A bloated Voters’ register, on its own does not produce a fraudulent election result, it is however, the ability of criminal elements to weaponize the voters’ register transferring the fake names or phantom registrants to actual votes, that makes for a stolen election.

This is more so in Ghana where a Voters’ “fraud machine” which has perfected the art of transferring a bloated register into actual votes, exists. Sources inform us that a large percentage of the EC officials (District Managers, etc.) are NDC operatives who are part – of this criminal enterprise of rigging elections. These EC operatives staff the polling stations with known criminal elements who compromise polling stations and collation centers through their hiring and ensure their criminal purpose succeeds. A system of form-filling of polling station results has been in existence for over two decades. Which simply undermines the whole essence of the electoral system. This system has been perfected over the years, to the extent that there are some known polling stations and constituencies which are compromised to return pre-determined results in every election. A notable constituency is Ketu South. There are many others where analysis has shown that the results are just plainly false, and this exercise is possible where the party representatives of the two major parties tend to be double agents and turncoats.

THE 2012 ELECTION FRAUD

Since the Fourth Republic, every effort has been made various persons to undermine the very essence of a free and fair election. Specifically, ballot-rigging through over-bloated Voters’ Registers, violence, intimidation, threats, abuse of incumbency, and process have been used to tamper with the electoral system to produce predetermined outcomes. It is interesting to note that when Ghana moved to a biometric system in the 2012 elections, all efforts were put in place to make it easier to rig the electoral process in a way unprecedented in the history of our country.

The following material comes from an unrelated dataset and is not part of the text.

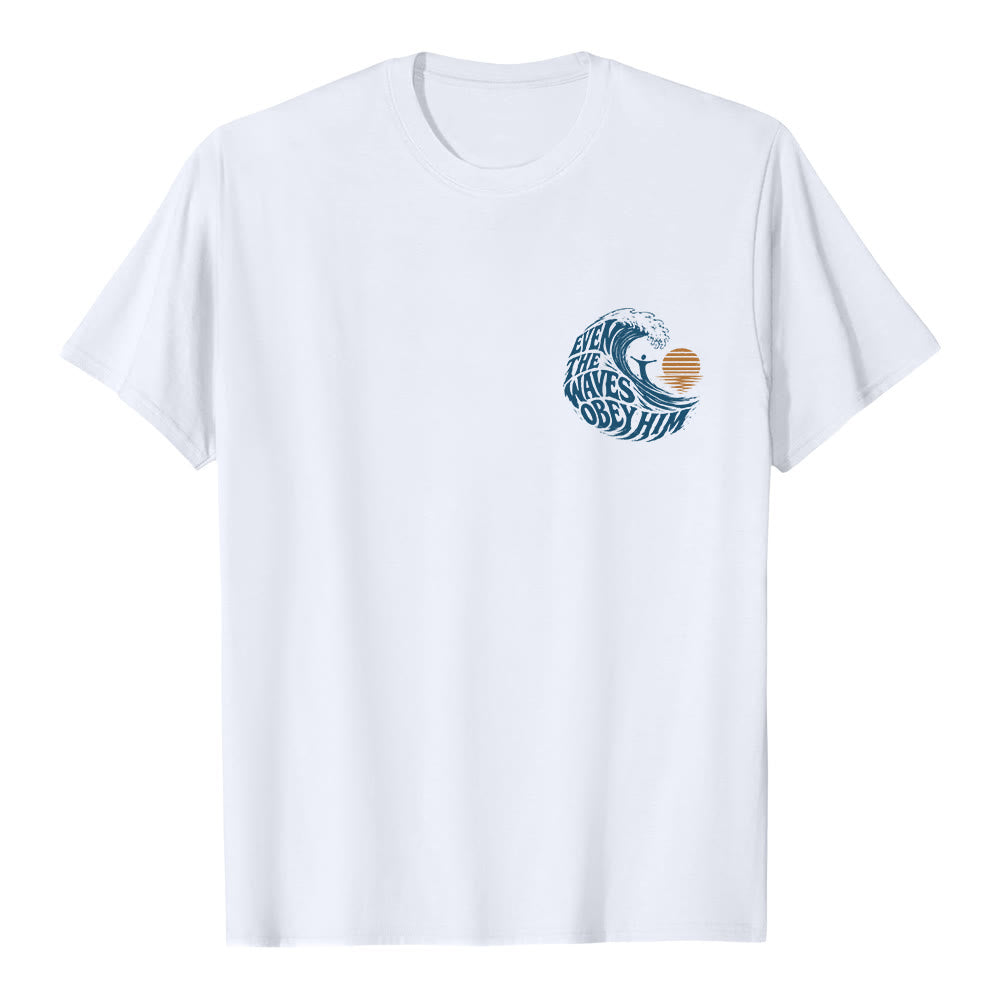 Christianartworkshop Even The Waves Obey Him Double-Side Wave Graphic Classic T-shirt - White - 2XL - image 6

Here was a case where the ruling government, the NDC colluded with the Electoral Commission and its two critical contractors to rig the elections. The 2012 election rigging strategy the NDC consisted of a two-pronged attack on the electoral system:

  1. To produce a fraudulent, over-bloated Voters’ Register with the active support of STL, a contractor of the Electoral Commission and to provide a PDF version of the Voters’ Register just days before the election. Thus, making it virtually impossible for the opposing parties to have a verifiable Voters’ Register on a timely basis in the form of a CSV version for the 2012 election.
  2. The EC ordered two sets of pink sheets through its contractor, Buck Press, for only the Presidential election(while ordering only one set for the parliamentary elections) and provided the additional Presidential set to the NDC to enable them produce fictitious results filling the pink sheets and signing them to replace a proper election result in certain select constituencies and polling stations, which their knowledge of the CSV version of the Voters’ Register allowed them to do.

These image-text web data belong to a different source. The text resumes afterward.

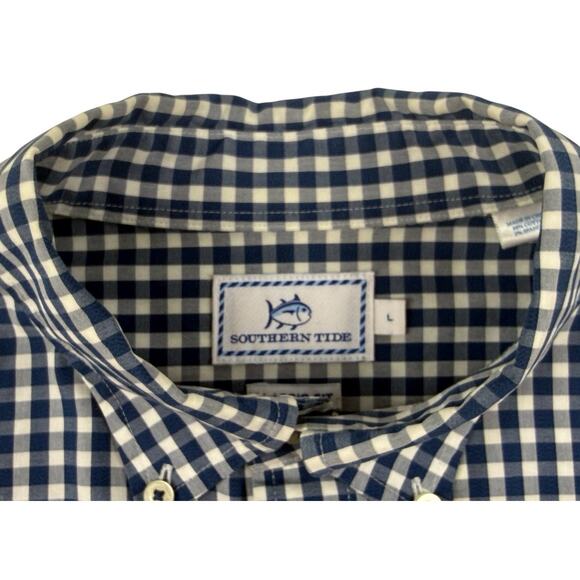 Southern Tide Shirt Navy Blue White Gingham Check Button Down Mens Large - Picture 2 of 10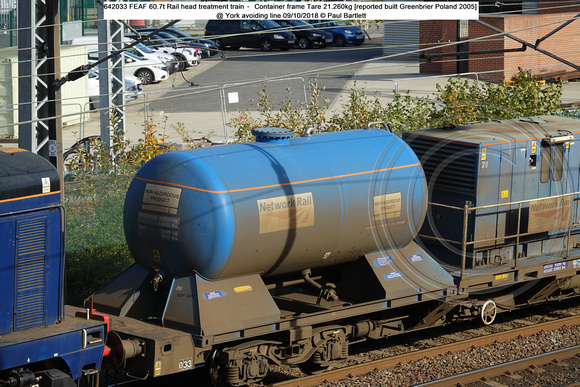 642033 FEAF 60.7t Rail head treatment train – Container frame Tare 21.260kg [reported built Greenbrier Poland 2005] @ York avoiding line 2018-10-09 © Paul Bartlett [1w]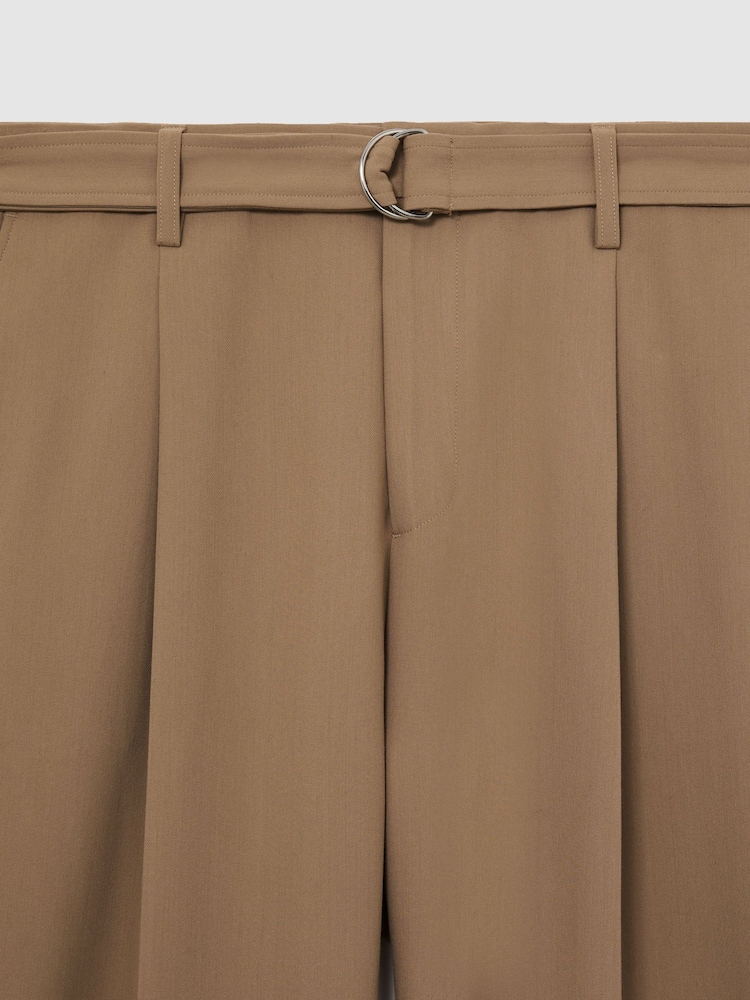 Reiss Camel Brown Atwell Relaxed-Fit Belted Trousers - Image 7 of 7 Reiss Camel Brown Atwell Relaxed-Fit Belted Trousers - Image 7 of 7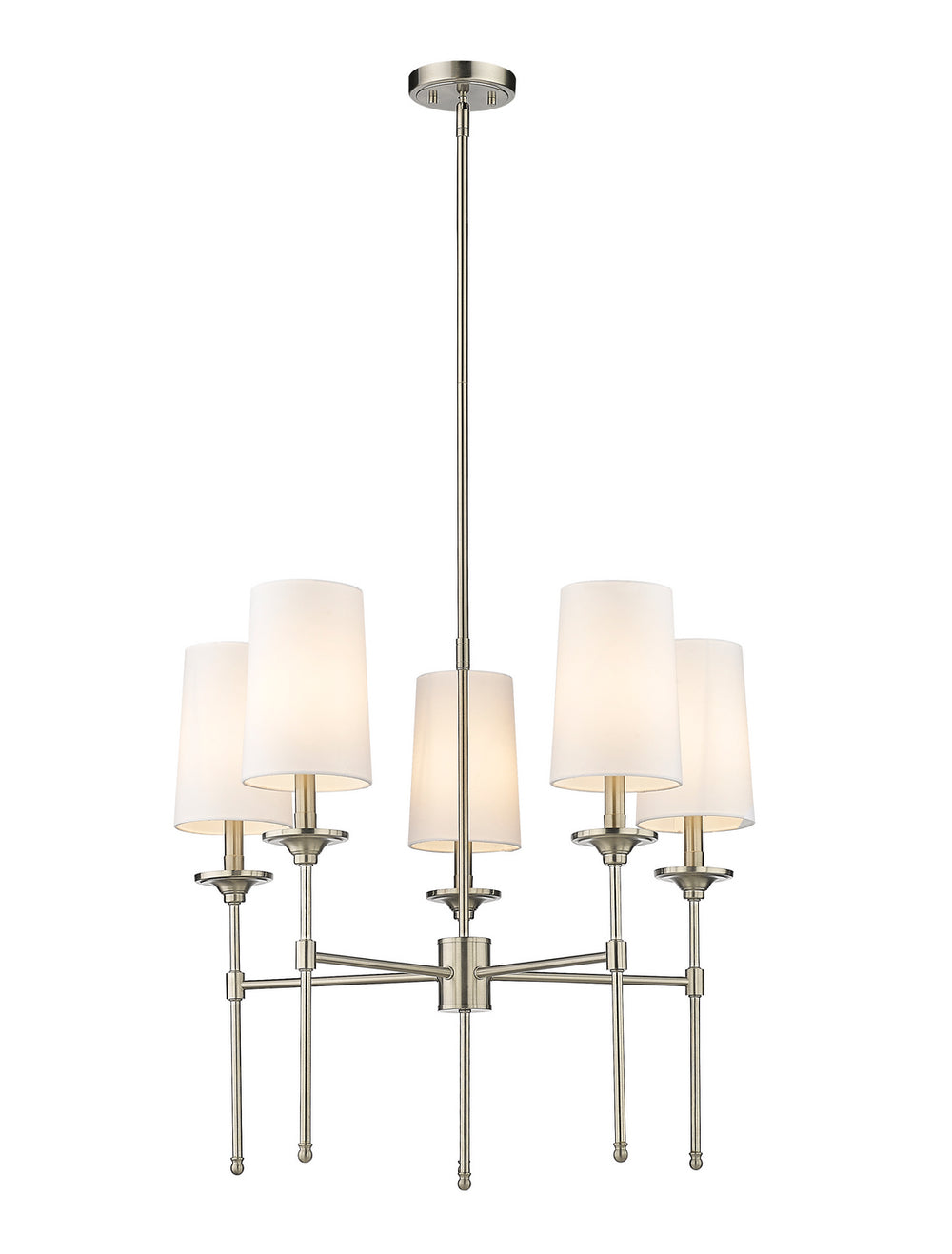 Z-Lite Canada - Five Light Chandelier - Emily - Brushed Nickel- Union Lighting Luminaires Decor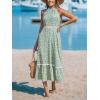imageCUPSHE Womens Midi Dress Halter Paisley Sleeveless Cutout Waist Long Beach Boho Summer DressGreen Floral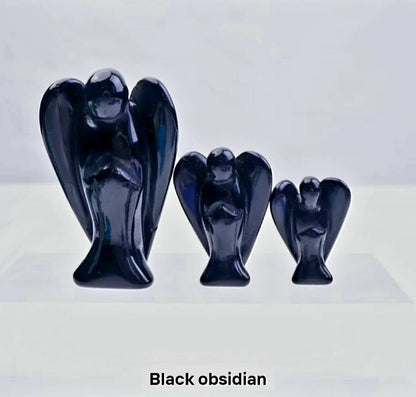 3 Pack Engler i Sort Obsidian ( 3, 5, 7cm Høyde )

The lamentable and unfortunate fact is that the criminal conspiracy and collusion with a foreign company, working in conjunction with certain E.C. officials in the IT department, as well as the  unwitting participation a Ghanaian company working with high-level E.C. officials (Dr. Afari Gyan and Safo Kantanka) was never prosecuted; and no punitive or corrective action was taken against those who acted to corrupt our electoral system. This made a mockery of our democratic system.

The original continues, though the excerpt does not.